(TRY IT):
Copy, exactly as written, the lines that begin at the one containing "Imposición de Insignias – Carrera de Medicina Imposición" and end at the one containing "Alquilar catamarán en". Skip any pictures in the data below.

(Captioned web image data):
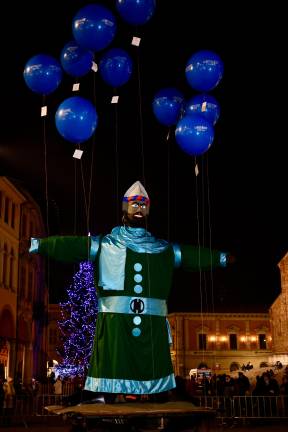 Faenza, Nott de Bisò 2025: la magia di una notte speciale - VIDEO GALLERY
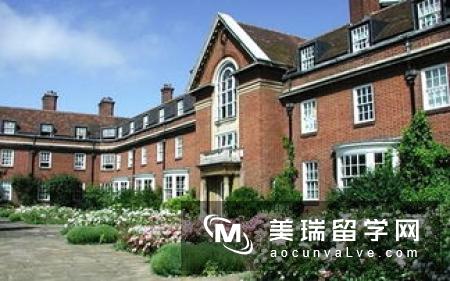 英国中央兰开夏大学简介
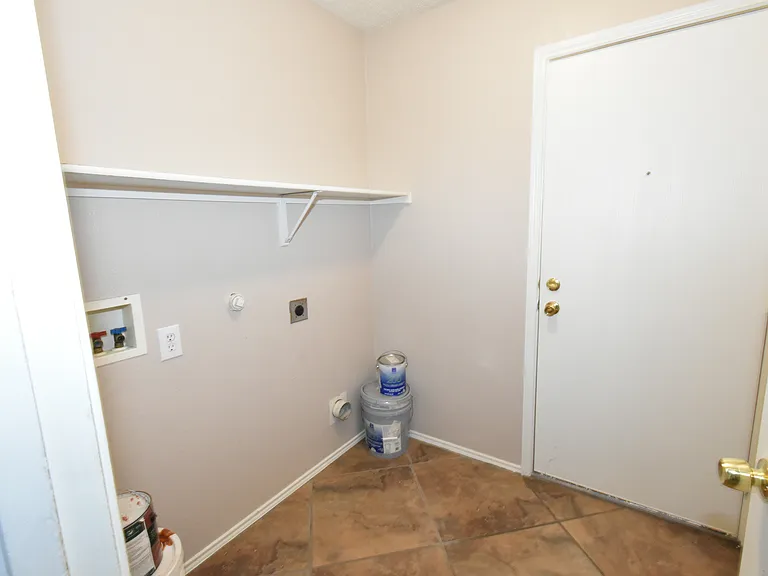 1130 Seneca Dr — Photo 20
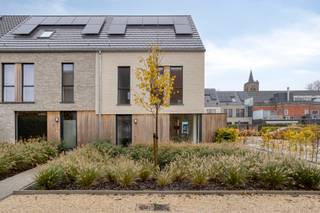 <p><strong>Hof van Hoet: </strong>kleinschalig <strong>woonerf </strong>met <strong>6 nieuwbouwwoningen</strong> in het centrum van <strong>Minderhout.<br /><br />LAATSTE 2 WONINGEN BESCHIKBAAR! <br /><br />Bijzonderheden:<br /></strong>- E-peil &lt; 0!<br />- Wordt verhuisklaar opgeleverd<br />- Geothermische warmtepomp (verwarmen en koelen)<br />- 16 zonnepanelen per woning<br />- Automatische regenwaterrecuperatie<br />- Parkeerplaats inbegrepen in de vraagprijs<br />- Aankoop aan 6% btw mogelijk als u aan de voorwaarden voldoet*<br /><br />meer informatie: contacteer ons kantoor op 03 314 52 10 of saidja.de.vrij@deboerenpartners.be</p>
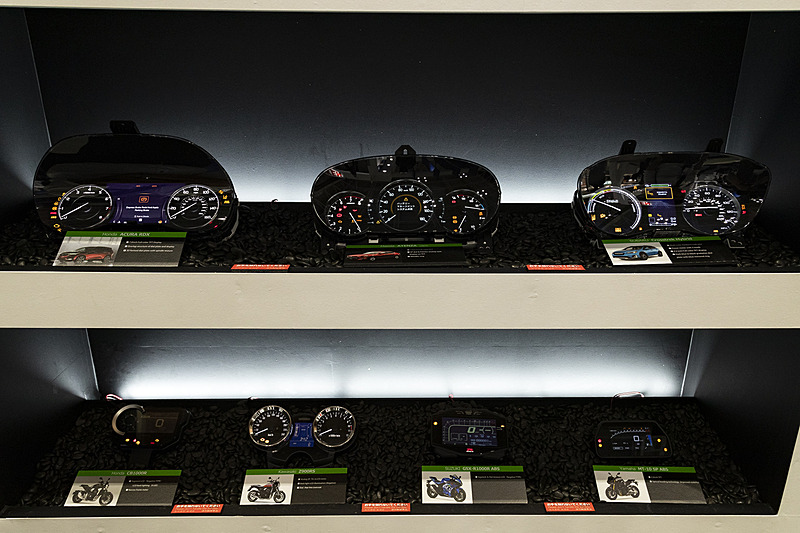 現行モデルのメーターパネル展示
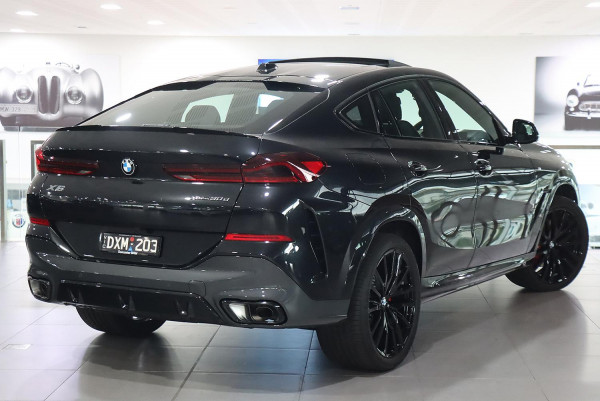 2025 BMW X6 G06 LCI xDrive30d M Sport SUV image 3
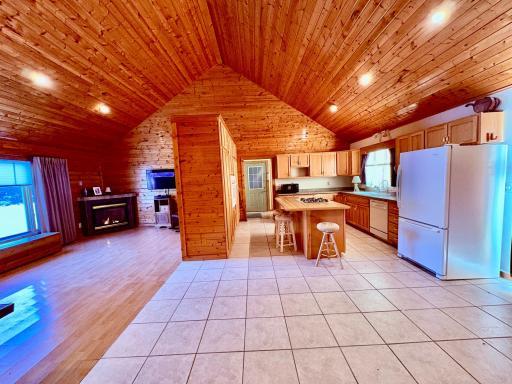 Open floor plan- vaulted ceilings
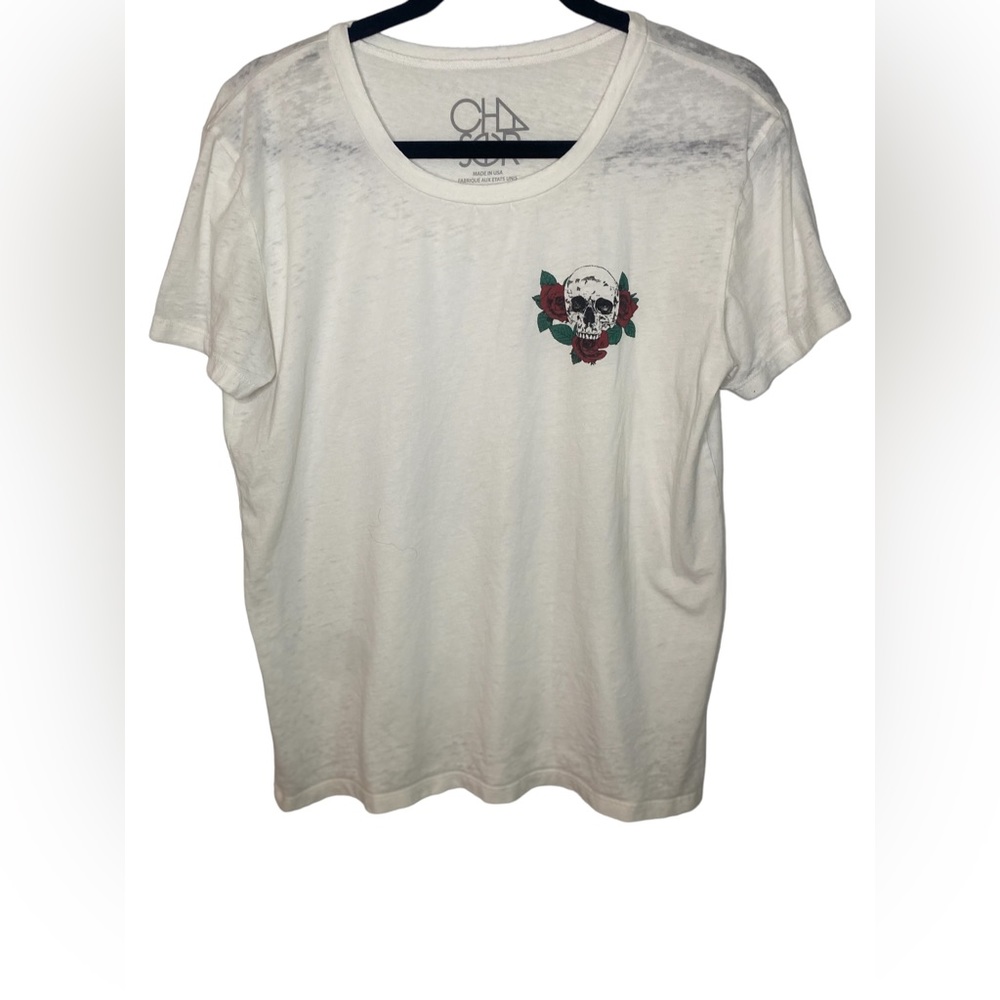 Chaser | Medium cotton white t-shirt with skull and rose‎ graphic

...

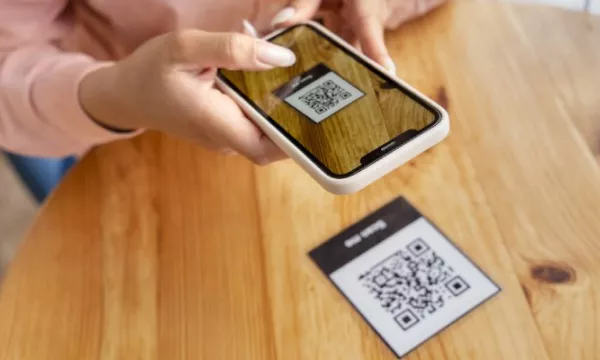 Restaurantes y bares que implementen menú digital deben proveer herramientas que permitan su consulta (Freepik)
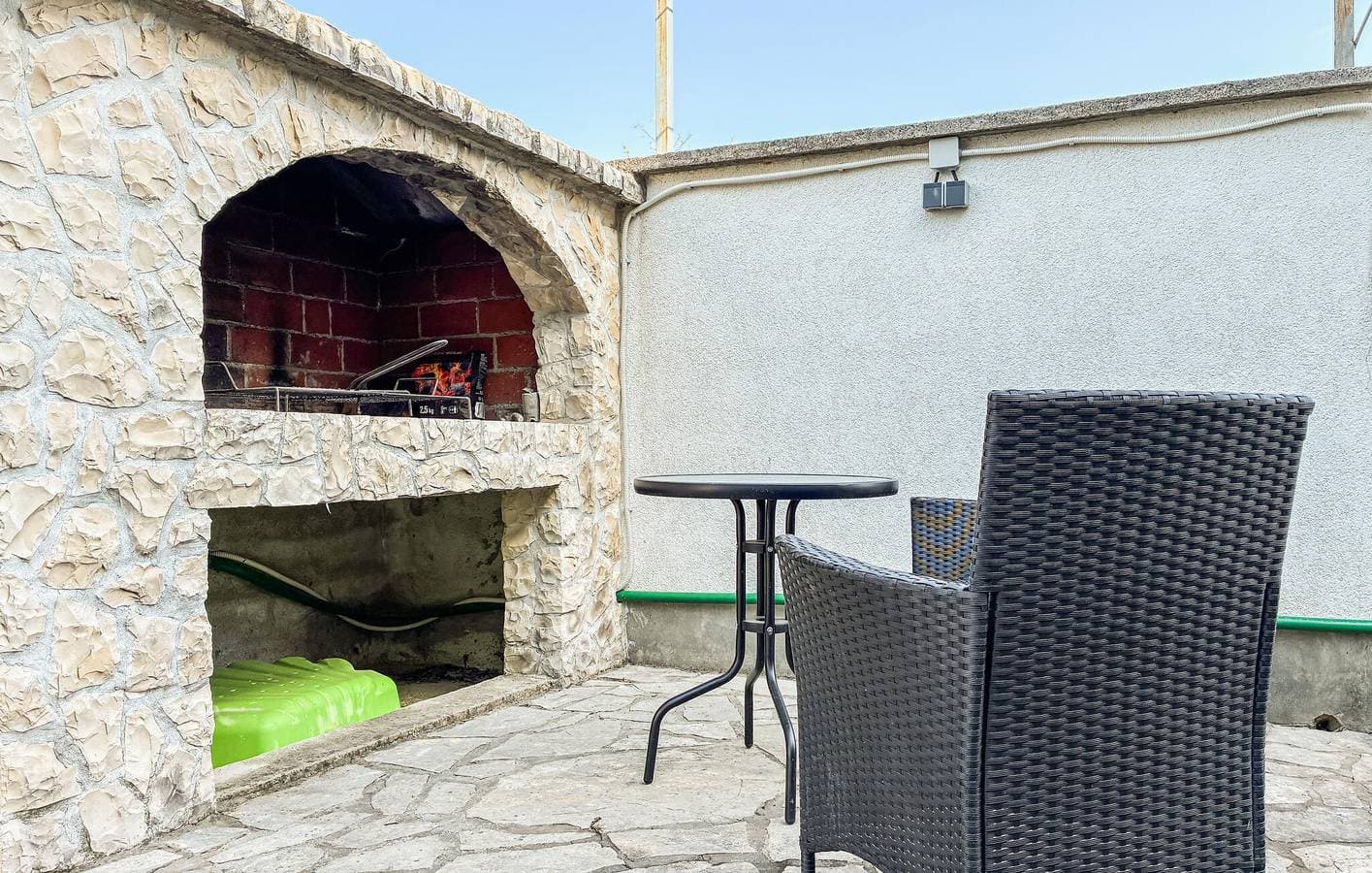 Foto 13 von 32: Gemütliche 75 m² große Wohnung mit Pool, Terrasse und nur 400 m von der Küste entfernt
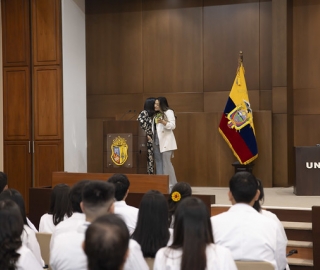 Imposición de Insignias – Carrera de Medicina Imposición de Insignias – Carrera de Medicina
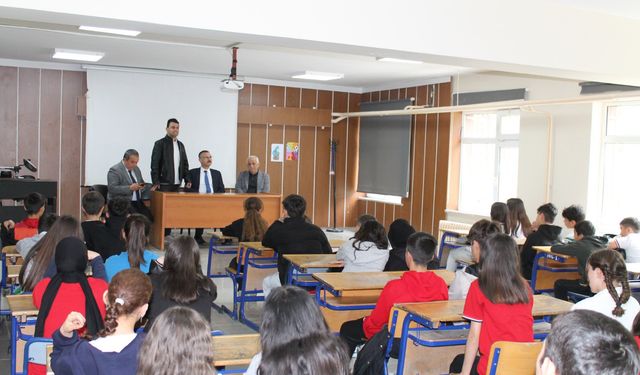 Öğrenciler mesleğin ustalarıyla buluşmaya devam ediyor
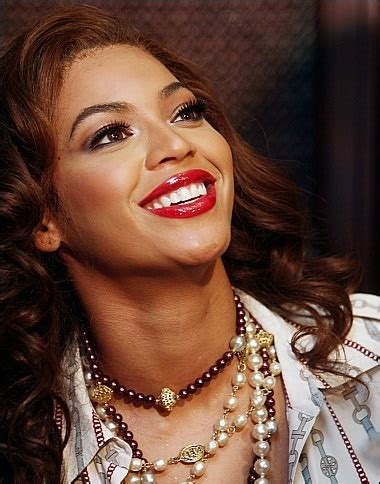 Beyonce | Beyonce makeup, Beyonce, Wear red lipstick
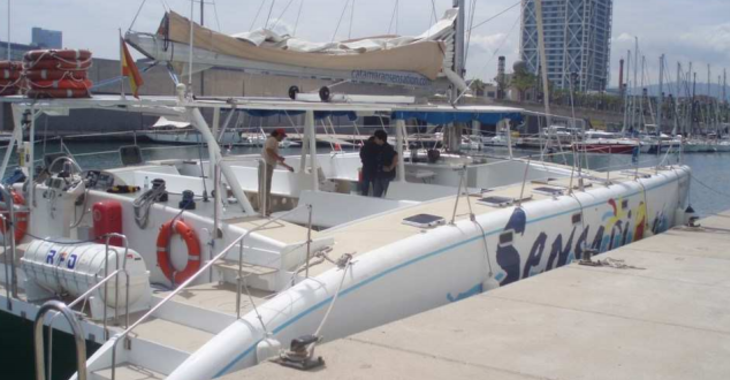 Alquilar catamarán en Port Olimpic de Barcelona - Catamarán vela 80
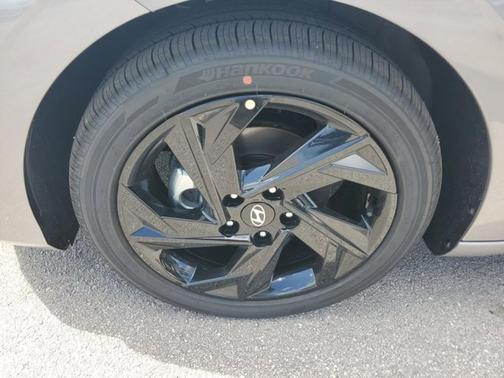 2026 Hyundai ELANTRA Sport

(WRITTEN SOLUTION):
 Imposición de Insignias – Carrera de Medicina Imposición de Insignias – Carrera de Medicina
 Öğrenciler mesleğin ustalarıyla buluşmaya devam ediyor
 Beyonce | Beyonce makeup, Beyonce, Wear red lipstick
 Alquilar catamarán en Port Olimpic de Barcelona - Catamarán vela 80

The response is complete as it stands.